§ Exercise objective
In the records below, find the line that contains "0 (0,00%) 0964" and the line that contains "em Branco 0975 2939 FLORISVALDO PCO 0 0,00 %". Set down exactly those lines and every line between them, and nothing more.

§ Records to use
========
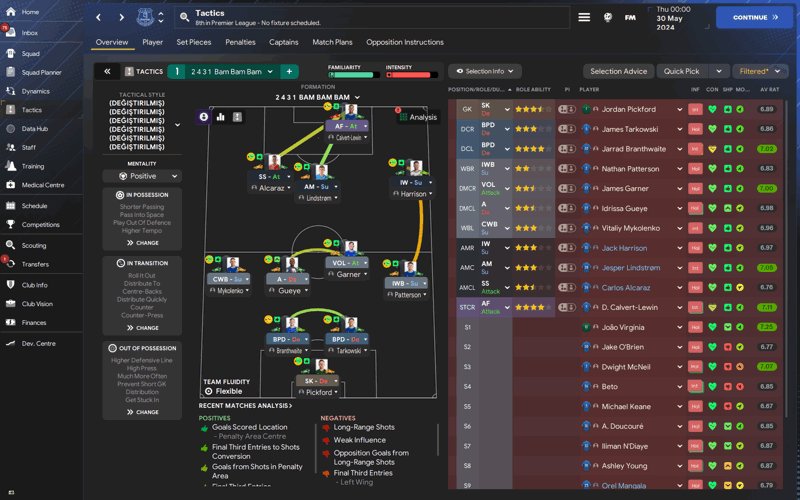 tactics tactic testing 2431 bam bam bam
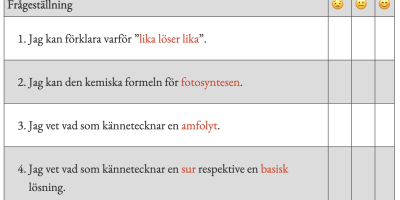 Biomolekyler: Vad du behöver kunna från Kemi 1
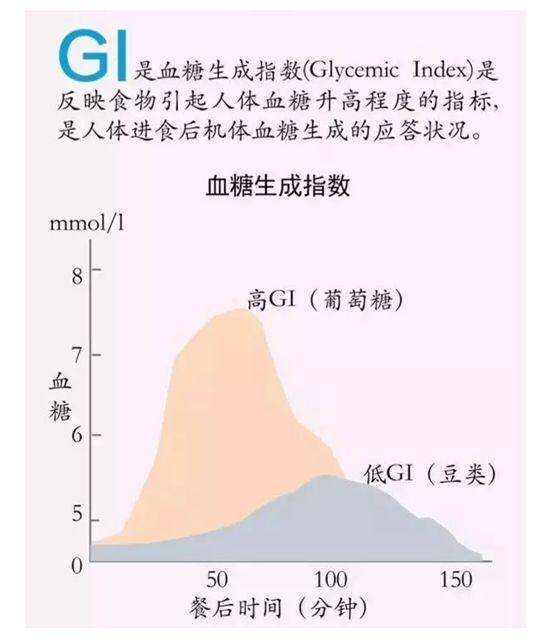 甜味|糖尿病人的福音，有几类甜的食物是可以吃的，糖友来了解一下吧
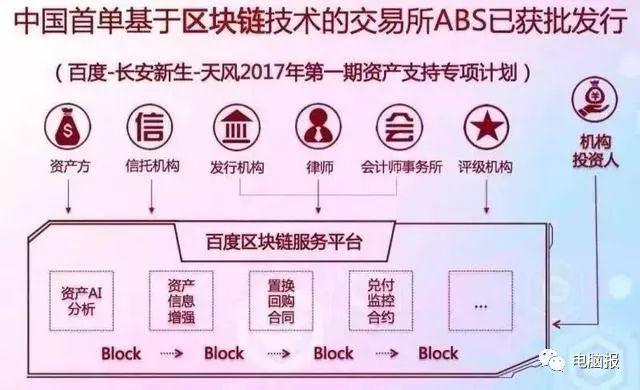 BAT 纷纷布局区块链，各自侧重点究竟何在？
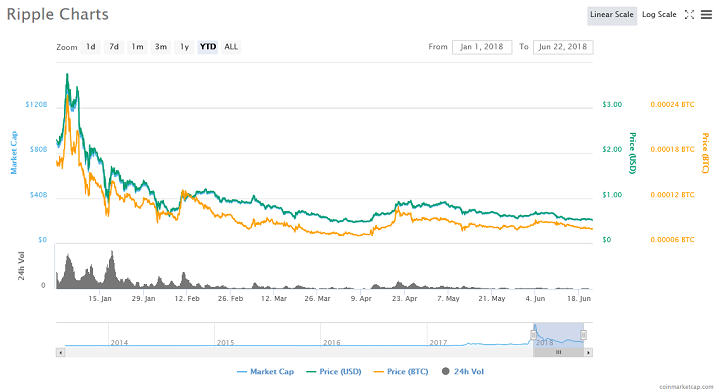 Ripple Market Cap Chart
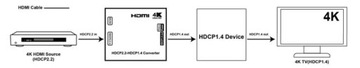SX-HDCP01 Устранение ошибок конвертера HDCP 2.2 1.4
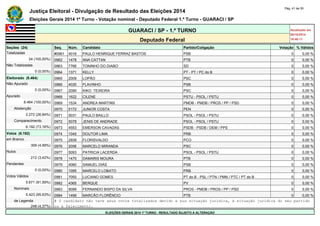 Justiça Eleitoral - Divulgação de Resultado das Eleições 2014 Pág. 41 de 55 
Eleições Gerais 2014 1º Turno - Votação nominal - Deputado Federal 1.º Turno - GUARACI / SP 
GUARACI / SP - 1.º TURNO Atualizado em 
05/10/2014 
Deputado Federal 18:48:11 
Seções (24) Seq. Núm. Candidato Partido/Coligação Votação % Válidos 
Totalizadas #0961 4016 PAULO HENRIQUE FERRAZ BASTOS PSB 0 0,00 % 
24 (100,00%) 0962 1478 ANA CATTAN PTB 0 0,00 % 
Não Totalizadas 0963 7766 TONINHO DO DIABO SD 0 0,00 % 
0 (0,00%) 0964 1371 KELLY PT - PT / PC do B 0 0,00 % 
Eleitorado (8.464) 0965 2009 LOPÃO PSC 0 0,00 % 
Não Apurado 0966 4030 FLAVINHO PSB 0 0,00 % 
0 (0,00%) 0967 2090 KIKO TEIXEIRA PSC 0 0,00 % 
Apurado 0968 1622 CILENE PSTU - PSOL / PSTU 0 0,00 % 
8.464 (100,00%) 0969 1534 ANDREA MARTINS PMDB - PMDB / PROS / PP / PSD 0 0,00 % 
Abstenção 0970 5172 JUNIOR COSTA PEN 0 0,00 % 
2.272 (26,84%) 0971 5031 PAULO BAILLO PSOL - PSOL / PSTU 0 0,00 % 
Comparecimento 0972 5078 JENIS DE ANDRADE PSOL - PSOL / PSTU 0 0,00 % 
6.192 (73,16%) 0973 4553 EMERSON CAVADAS PSDB - PSDB / DEM / PPS 0 0,00 % 
Votos (6.192) 0974 1045 DOUTOR LIMA PRB 0 0,00 % 
em Branco 0975 2939 FLORISVALDO PCO 0 0,00 % 
309 (4,99%) 0976 2056 MARCELO MIRANDA PSC 0 0,00 % 
Nulos 0977 5093 PATRICIA LACERDA PSOL - PSOL / PSTU 0 0,00 % 
212 (3,42%) 0978 1470 DAMARIS MOURA PTB 0 0,00 % 
Pendentes 0979 4060 SAMUEL DIAS PSB 0 0,00 % 
0 (0,00%) 0980 1095 MARCELO LOBATO PRB 0 0,00 % 
Votos Válidos 0981 7050 LUCIANO GOMES PT do B - PSL / PTN / PMN / PTC / PT do B 0 0,00 % 
5.671 (91,59%) 0982 4365 BERQUE PV 0 0,00 % 
Nominais 0983 9099 FERNANDO BISPO DA SILVA PROS - PMDB / PROS / PP / PSD 0 0,00 % 
5.423 (95,63%) 0984 1499 MARCÃO FLORÊNCIO PTB 0 0,00 % 
de Legenda # O candidato não teve seus votos totalizados devido a sua situação jurídica, à situação jurídica do seu partido 
248 (4,37%) ou a falecimento. 
ELEIÇÕES GERAIS 2014 1º TURNO - RESULTADO SUJEITO A ALTERAÇÃO 
 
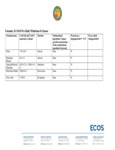 ECOS Pro Daily Whiteboard Ingr. ECOS Pro Daily Whiteboard Ingr.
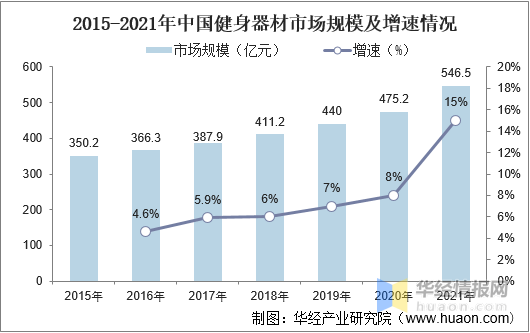 雷竞技RAYBET2021年中国健身器材市场规模、企业注册量、进出口及重点企业分析(图2)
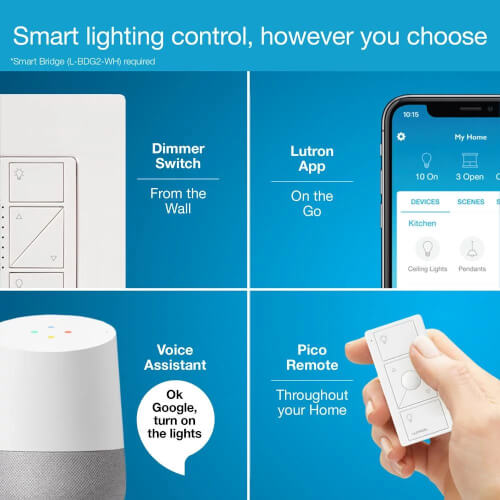 Main product image of Caseta Original Smart Lighting Dimmer Switch and Remote Kit, 150W LED+ Dimmer/3-Button Pico Smart Remote/Claro Wall Plate, P-PKG1W-WH, White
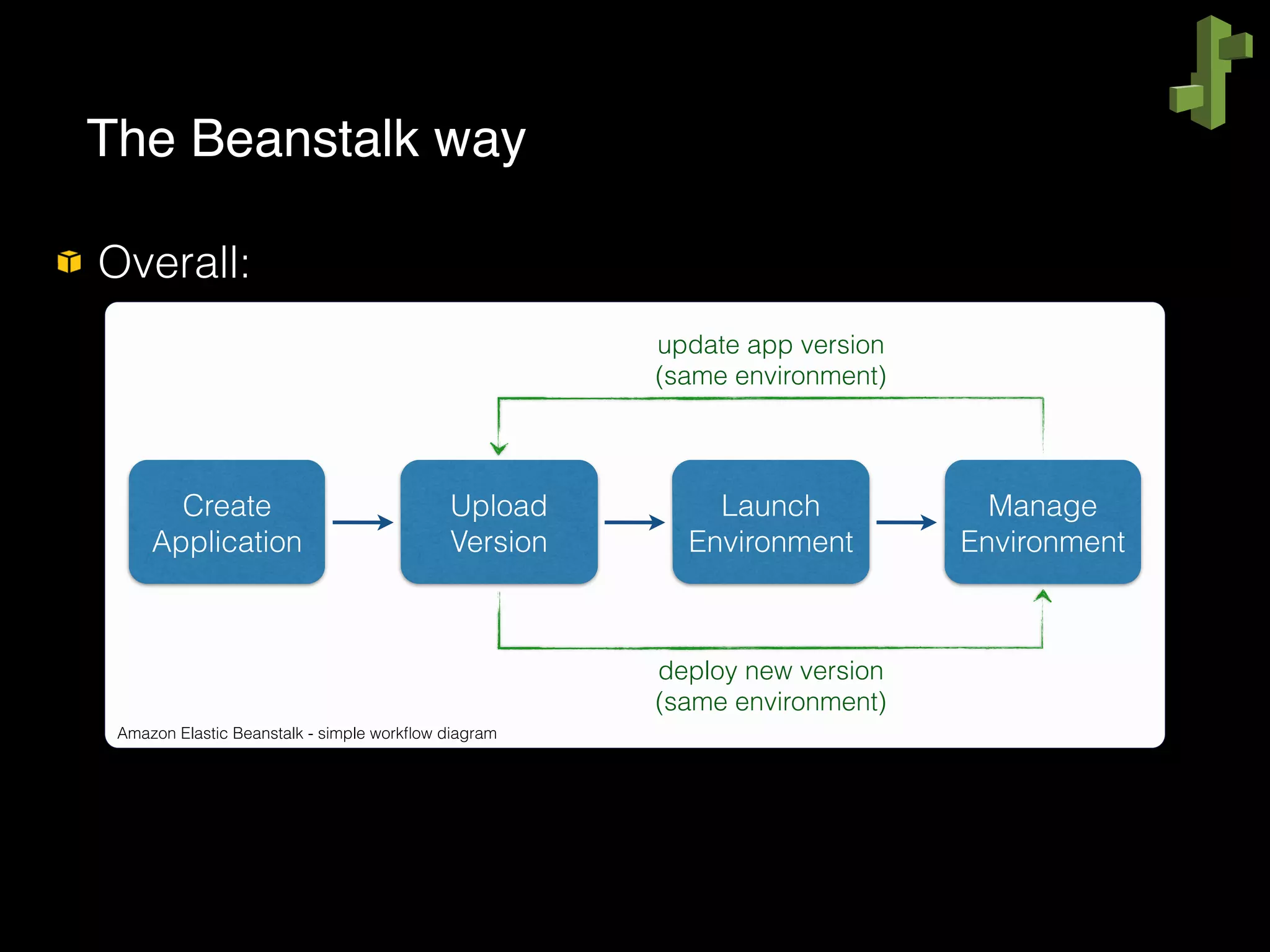 Overall: 
 
 
 
 
 
 
 
 
 
The Beanstalk way
Amazon Elastic Beanstalk - simple workﬂow diagram
Create
Application
Upload
Version
Launch
Environment
Manage
Environment
update app version
(same environment)
deploy new version
(same environment)
 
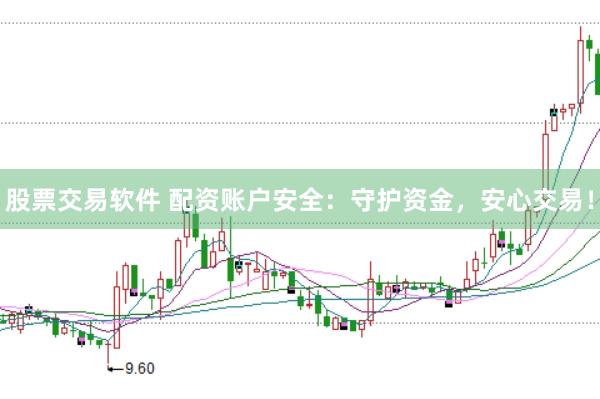 股票交易软件 配资账户安全：守护资金，安心交易！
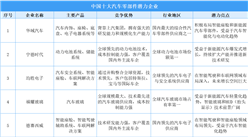 2025年中國汽車零部件行業(yè)十大潛力企業(yè)分析（圖）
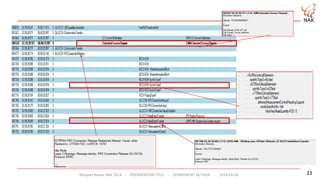 Abhijeet Kumar NAK 2014 - PRESENTATION TITLE - DEPARTMENT AUTHOR - 2014-04-26 23
 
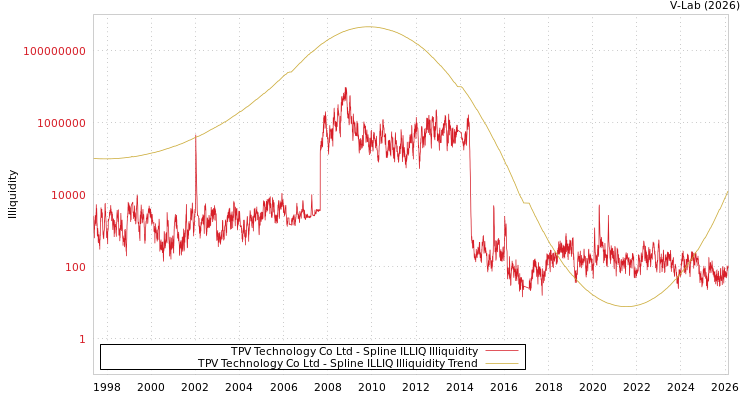 graph of TPV Technology Co Ltd ILLIQ-SMEM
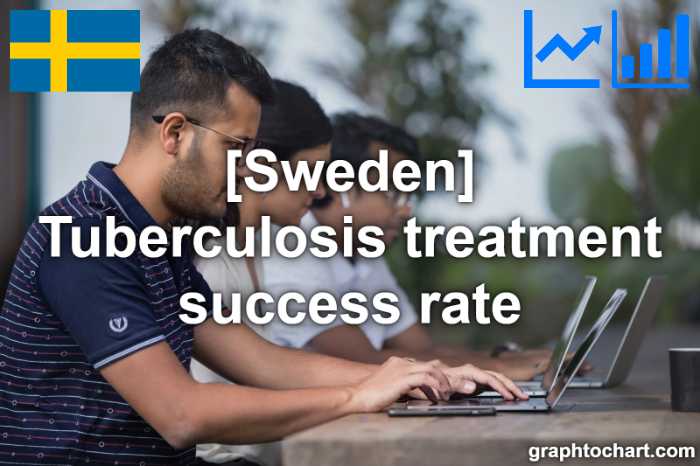Sweden's Tuberculosis treatment success rate(Comparison Chart)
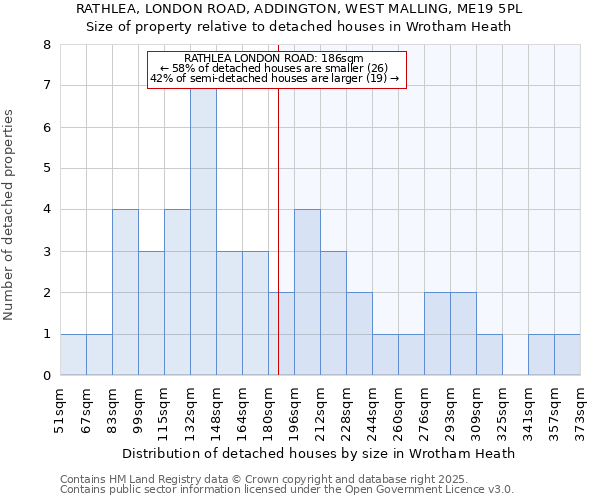 RATHLEA, LONDON ROAD, ADDINGTON, WEST MALLING, ME19 5PL: Size of property relative to detached houses houses in Wrotham Heath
========
§ Response
0 (0,00%) 0964 1371 KELLY PT - PT / PC do B 0 0,00 % 
Eleitorado (8.464) 0965 2009 LOPÃO PSC 0 0,00 % 
Não Apurado 0966 4030 FLAVINHO PSB 0 0,00 % 
0 (0,00%) 0967 2090 KIKO TEIXEIRA PSC 0 0,00 % 
Apurado 0968 1622 CILENE PSTU - PSOL / PSTU 0 0,00 % 
8.464 (100,00%) 0969 1534 ANDREA MARTINS PMDB - PMDB / PROS / PP / PSD 0 0,00 % 
Abstenção 0970 5172 JUNIOR COSTA PEN 0 0,00 % 
2.272 (26,84%) 0971 5031 PAULO BAILLO PSOL - PSOL / PSTU 0 0,00 % 
Comparecimento 0972 5078 JENIS DE ANDRADE PSOL - PSOL / PSTU 0 0,00 % 
6.192 (73,16%) 0973 4553 EMERSON CAVADAS PSDB - PSDB / DEM / PPS 0 0,00 % 
Votos (6.192) 0974 1045 DOUTOR LIMA PRB 0 0,00 % 
em Branco 0975 2939 FLORISVALDO PCO 0 0,00 % 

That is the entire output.